Animation 1: Here are four new SSTables, each containing a record of a user in Texas. Of course, there would be other records in the SSTable file (including more Texas users), but we will keep the example simple.

Animation 2: These four SSTables compact together into a new SSTable.

Animation 3: Here are another four (unique) users, all in Texas. At this point, to read the entire Texas partition, we will have to read data from five SSTable files.

Animation 4: These four compact together making two SSTable files. The situation is a bit better for a read because we have only two SSTables to seek/stream from.

Animation 5: We continue handling writes of users in Texas, and size tiered compaction continues to operate making larger and larger tiers. However, now notice to read the entire Texas partition, we have to read/seek nine SSTable files! The problem propagates as we acquire more tiers/SSTables.

Stale Data

Stale Records in Larger SSTables Take Unnecessary Space

Although visually this example looks like the last, notice that each partition contains an update for a single user.

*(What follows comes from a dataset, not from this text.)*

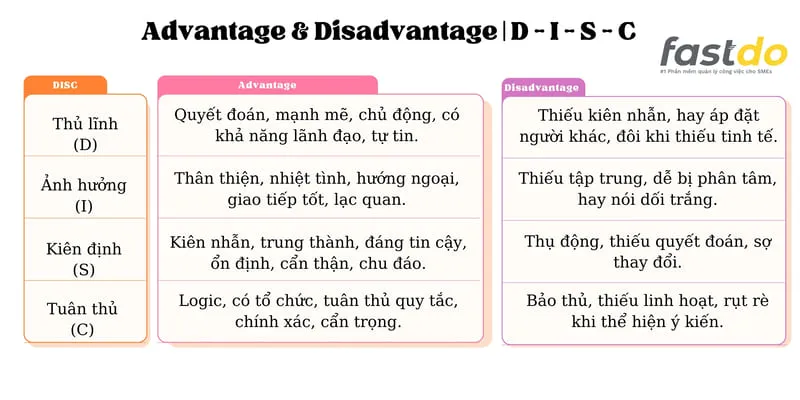 4 nhóm tính cách DISC là gì? Cách đọc biểu đồ DISC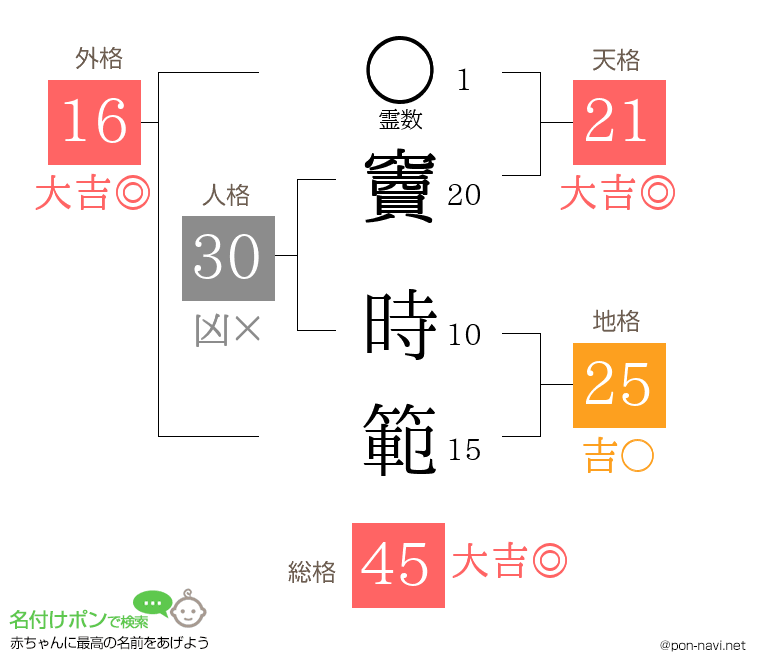竇 時範さんの姓名判断結果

These users (for whatever contrived example reason you like to come up with), constantly change their names (causing updates).

For example, user #1 Jim has changed names several times (Jeb, Joe, Jan, Jef, and Jon). Users #2 and #3 also change their names often as well. Since the latest names are in the highest tier, all the data in the lower tiers is no longer needed. They unnecessarily take hard drive space. However, there are not four SSTables in any tier, so compaction cannot eliminate the older data. Also, as data climbs up into higher tiers, these tiers compact less often, which possibly means very old stale data may be around for a while.

Realistic Scenario

SSTable sizes will vary

In a real world scenario, compaction drops values due to tombstones and updates. So compacted SSTables will vary in size. Here we examine how size tiered compaction determines what the tiers are and how tables group into those tiers. This image shows several SSTables of varying size. Let’s examine size tiered compaction’s algorithm in dividing these SSTables into different tiers.

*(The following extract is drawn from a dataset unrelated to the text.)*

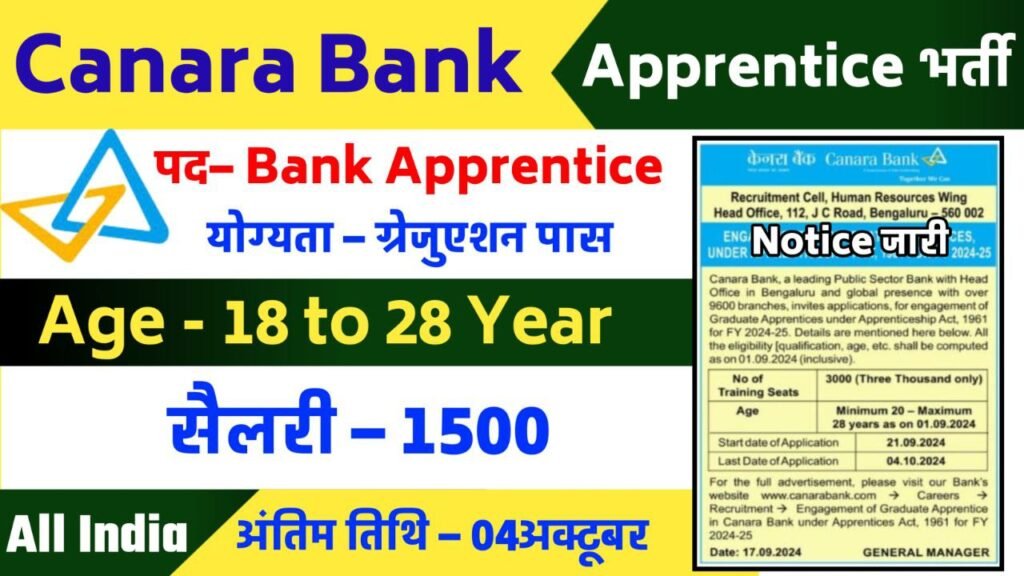 Canara Bank Apprentice recruitment 2024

Animation 1: [Original graphic fades.]

Animation 2: Size tiered compaction considers each SSTable one at a time in no particular order. Here we randomly chose to start with a 100MB partition (well, somewhat random, 100MB is an easy number to do some math on as you’ll see shortly).

Animation 3: Since this 100MB partition is the first one, we make a new tier.

Animation 4: We place the 100MB partition into this new tier.

Animation 5: From there, we calculate the average size of all the SSTables in the tier. Since this tier has a single 100MB partition, the average size is 100MB (denoted in yellow). We also calculate the minimum and maximum size another SSTable must be to be placed in this tier. The minimum size is 50% of the average (50MB, denoted on the left). The maximum size is 150% of the average (150MB, denoted on the right). You can tune the minimum and maximum percentages by setting bucket_low and bucket_high respectively. The term 'bucket' is synonymous with 'tier'.

Animation 6: Now we consider the 1GB SSTable file. Since 1GB is larger than 150MB…​

Animation 7: We create another bucket (tier).

Animation 8: The 1GB SSTable file goes into that new bucket.

Animation 9: And we calculate the average, min, and max for that bucket as well.

Animation 10: Here’s a 490MB SSTable file.

Animation 11: 490MB doesn’t fall into the range of any existing tiers, so we make a new bucket.

Animation 12: We place the 490MB SSTable file into the new tier and calculate the average, min, and max as well.

Animation 13: Now we consider a small 20MB SSTable. It doesn’t qualify for any of the existing buckets.

Animation 14: Size tiered compaction creates a new small bucket to drop all small SSTables into. Size tiered compaction doesn’t maintain a low or high threshold for this bucket as that is too fine grained for all small SSTables. So all small SSTables are placed in this bucket. You can tune this top value of this buecket (default 50MB) by setting min_sstable_size.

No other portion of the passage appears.